(Photo/Beijing Youth Daily)
A full set of 12 bronze zodiac animal statues were spotted at a canyon scenic area in Beijing, and their resemblance to the famous bronze heads at the Old Summer Palace has drawn heavy criticism.
The six-foot-tall bronze statues were erected at the Shilinxia Scenic Area in Beijing’s Pinggu District. Their mouths can open and water spouts out on a golden toad statue in front.
Unlike the statues at the Old Summer Palace, which are wearing traditional Chinese clothing and sit at a fountain, the canyon’s statues all have specially-designed clothes and are standing up. Three of them are females and the other nine are males, while at the Old Summer Palace, the statues are genderless.
Many visitors to the canyon refer to them as animal gods, and the site is popular with tourists who like to take photos.
But their high resemblance with those at the Old Summer Palace has made some uncomfortable. According to Liu Yang, an expert on Old Summer Palace relics, the 12 statues are almost complete replicas of the famous bronze zodiac animal heads.
The canyon scenic area also promoted them in May 2016, saying that the “Old Summer Palace bronze zodiac animal heads reappear at Shilinxia,” Beijing Youth Daily reported.
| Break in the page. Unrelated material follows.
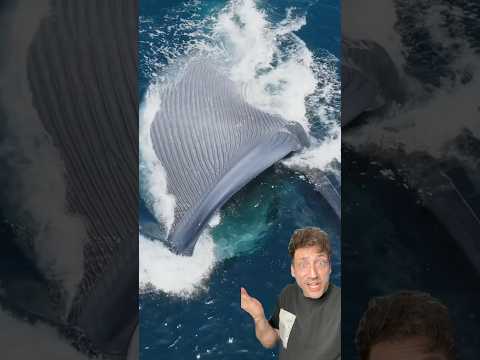 The Blue Whale is MASSIVE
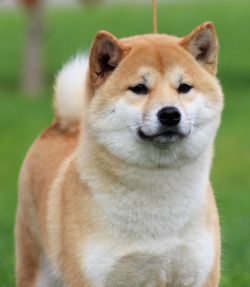 picture of dog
Employees at the canyon argue that the designer was only inspired by the historical statues. “They’re not copies, they were imagined by us,” the newspaper quoted them as saying.
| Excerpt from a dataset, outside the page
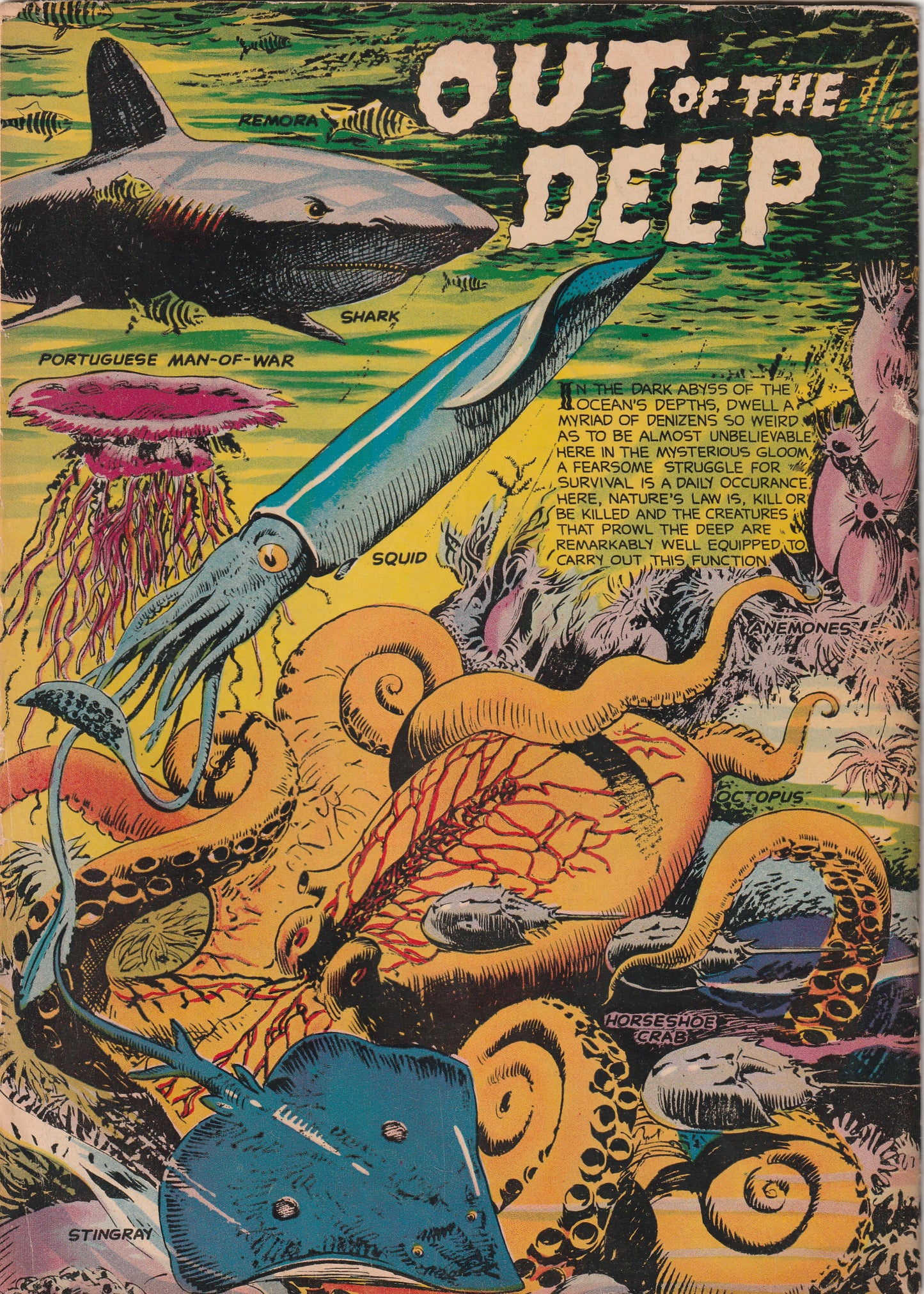 Dell Four Color #1230 (1961) - Voyage to the Bottom of the Sea - Photo cover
“It is very inappropriate for the scenic area to copy the bronze heads at the Old Summer Palace. It also devalues them. They used to belong to the palace’s fountain. It was barely acceptable when some places used replicas at similar fountain. But the statues at Shilinxia are somewhat of an insult. Scenic areas should not develop tourism in the name of the Old Summer Palace,” Liu told Beijing Youth Daily.
(File photo)
The old Summer Palace (Chinese name Yuanmingyuan) in Beijing was the royal garden built in the 18th and 19th centuries during the Qing Dynasty (1644-1911). This architectural wonder of its age was plundered and destroyed by British and French forces in 1860 and numerous treasures were looted.